2024-09-15 07:42:09 (19.5 MB/s) - ‘input.txt’ saved [1115394/1115394]



# Word-level tokenization

In [12]:
import re
import torch

# Load the text from 'input.txt'
with open('input.txt', 'r', encoding='utf-8') as file:
    text = file.read()

# Tokenize the text by splitting on spaces, newlines, or double newlines
tokens = re.split(r'\s+|\n|\n\n', text)
unique_words = sorted(set(tokens))  # Get unique tokens and sort them
vocab_size = len(unique_words)      # Number of unique tokens
word_to_index = {word: index for index, word in enumerate(unique_words)}  # Map words to indices
index_to_word = {index: word for index, word in enumerate(unique_words)}  # Map indices to words

# Functions to encode and decode text
def encode_text(text):
    return [word_to_index.get(word, -1) for word in re.split(r'\s+|\n|\n\n', text)]

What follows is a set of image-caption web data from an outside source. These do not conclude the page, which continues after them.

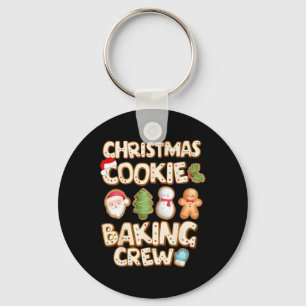 Weihnachtsplätzchen-König-Crew-Familien-Weihnachts Schlüsselanhänger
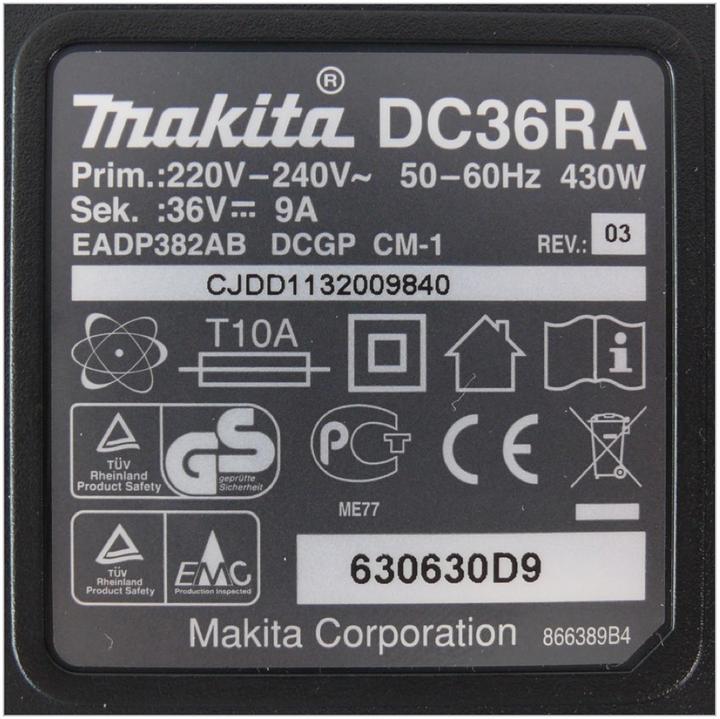 Produktbild Makita Ladegerät Lithium-Ion 36V (36 V)
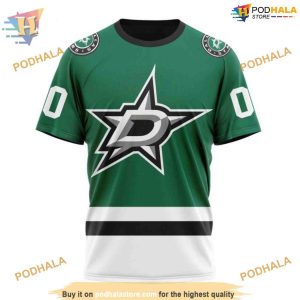 Custom 2023 Home Kits NHL Dallas Stars Hoodie 3D Shirt 3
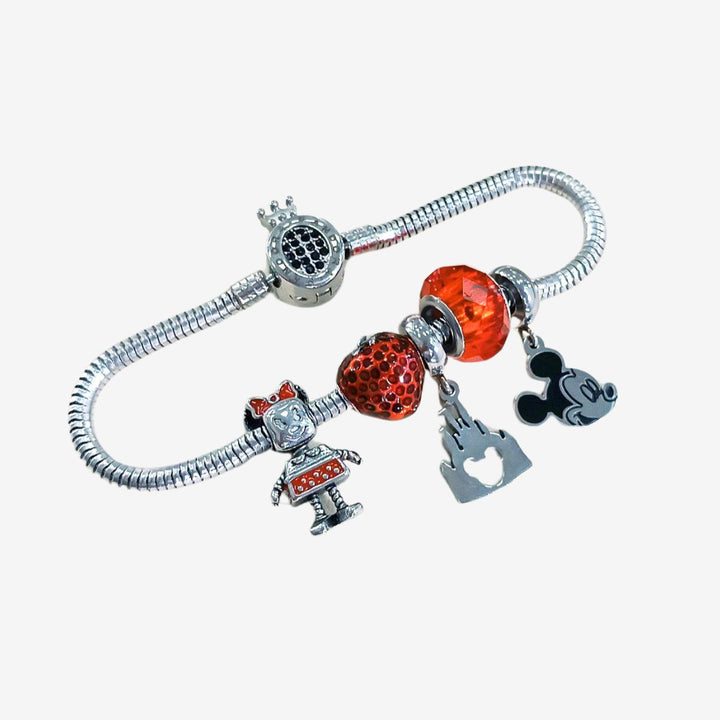 Aurora® Pulsera tipo Pandora + 5 Charms Gratis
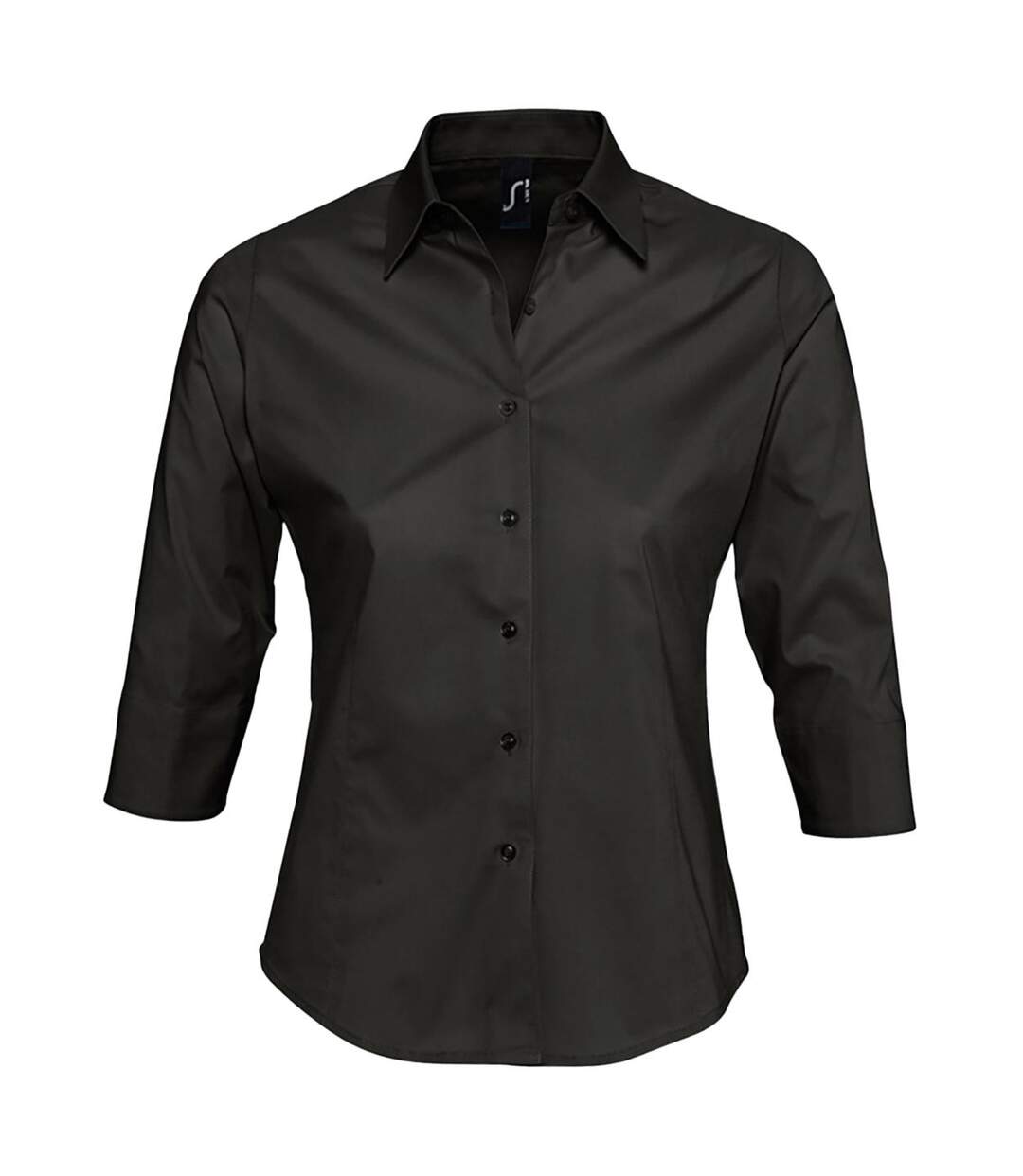 Chemisier Effect Femme Noir SOLS-1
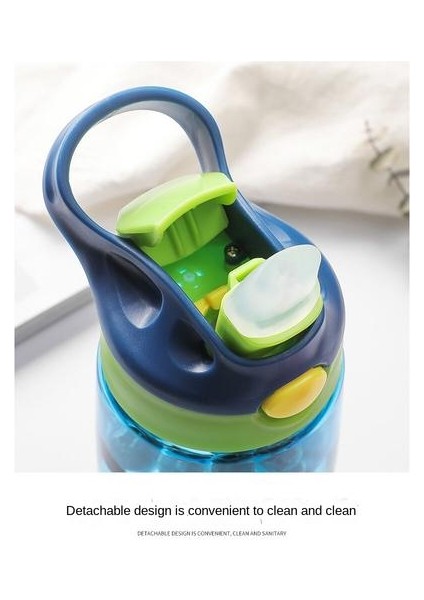 480ML Çocuk Su Kupası Saman ve Karikatür Desenli Desen Anti-Fall Duck-Duck Bullet Kapak Plastik Su Kupası (Yurt Dışından) indirimleri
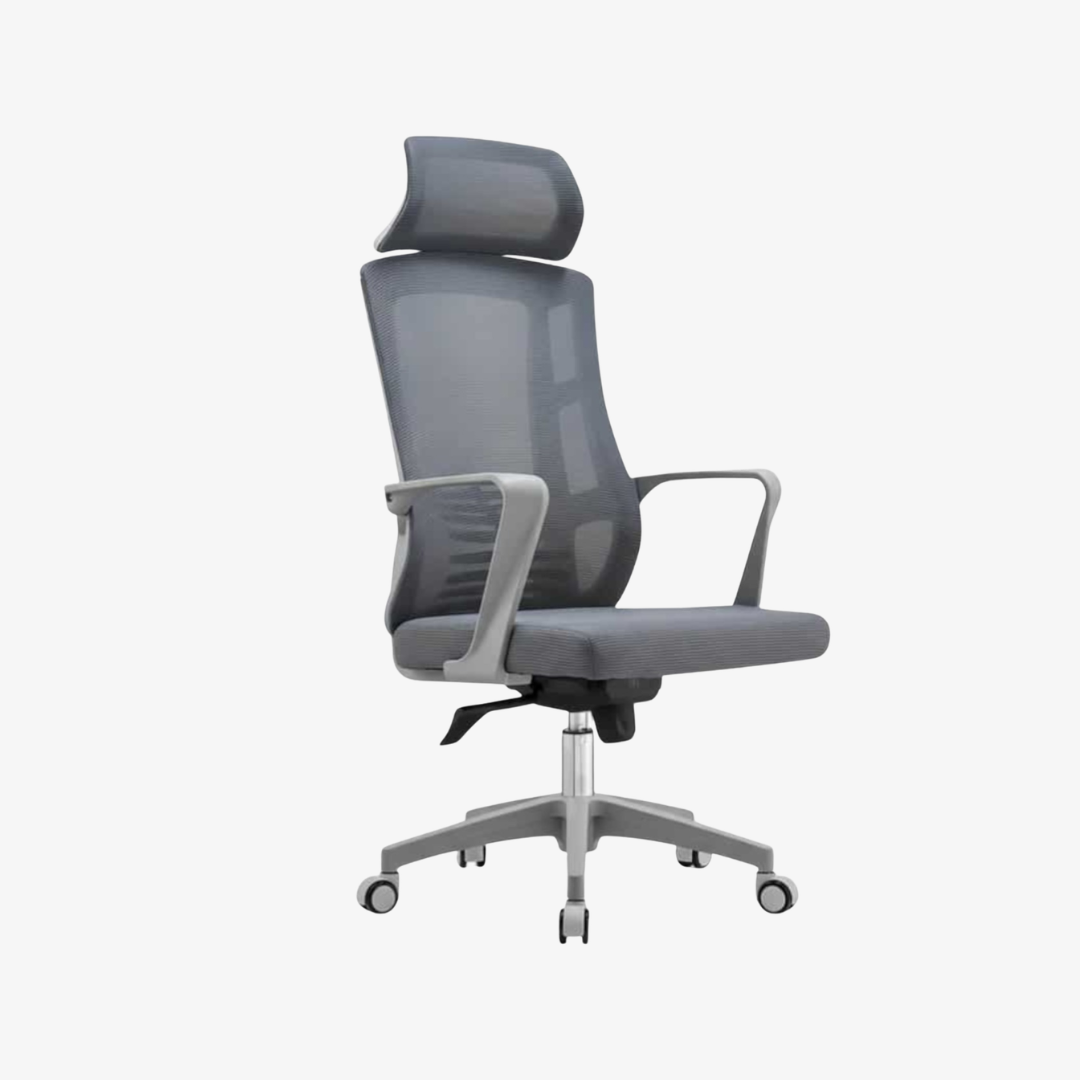 Fauteuil opérateur en Maille avec Appui-tête 908A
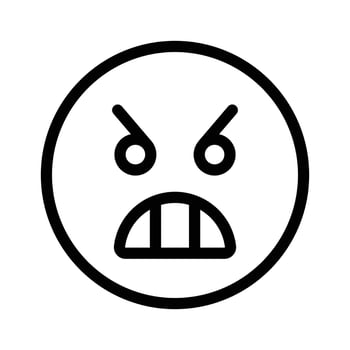 Have a look at this amazing icon of angry emoji, premium vector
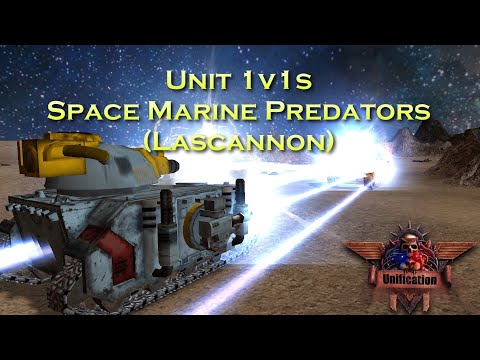 Dawn of War Unification Mod [v.6.9.25] - Space Marine Predator (Lascannons) | Warhammer 40K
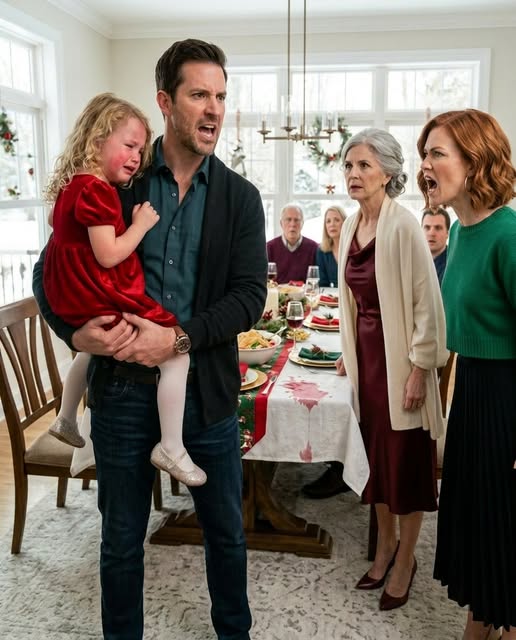 At Christmas dinner, my daughter accidentally spilled juice on the table. My mother-in-law sla:pped her in front of everyone. I stood up, shaking with anger, but my wife screamed, “She deserved it!”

def decode_indices(indices):
    return ' '.join([index_to_word.get(index, '<UNK>') for index in indices])

# Display vocabulary details
print(f'Vocabulary Size: {vocab_size}')
print(f'Sample of Vocabulary: {unique_words[:50]}')  # Display the first 50 unique words

# Convert text to tensor and split into training and validation datasets
encoded_data = torch.tensor(encode_text(text), dtype=torch.long)
split_index = int(0.9 * len(encoded_data))  # Use 90% for training and 10% for validation
train_data = encoded_data[:split_index]
val_data = encoded_data[split_index:]

# Function to create batches of data
def create_batch(split, batch_size, seq_length, device):
    data_set = train_data if split == 'train' else val_data
    indices = torch.randint(0, len(data_set) - seq_length, (batch_size,))
    x = torch.stack([data_set[i:i + seq_length] for i in indices])
    y = torch.stack([data_set[i + 1:i + seq_length + 1] for i in indices])
    return x.to(device), y.to(device)


Vocabulary Size: 25671
Sample of Vocabulary: ['', '&C:', '&c.', "'", "'?", "'A", "'Alas,", "'Alas,'", "'Alla", "'An", "'Ay", "'Ay,", "'Ay,'", "'Ay.'", "'Be", "'Beseech", "'Bless", "'Bove", "'Brutus!'", "'By", "'Charge", "'Charge!", "'Citizens!'", "'Clarence", "'Come", "'Come,", "'Commend", "'Con", "'Content'", "'Coriolanus!'", "'Courage!'", "'Courage,", "'Cucullus", "'Dear", "'Death.'", "'Deny", "'Do", "'Fair", "'Faith,", "'Farewell:'", "'Fine;'", "'Fore", "'Forgive", "'Frets,", "'G'", "'Gainst", "'Go", "'God", "'Good", "'Have"]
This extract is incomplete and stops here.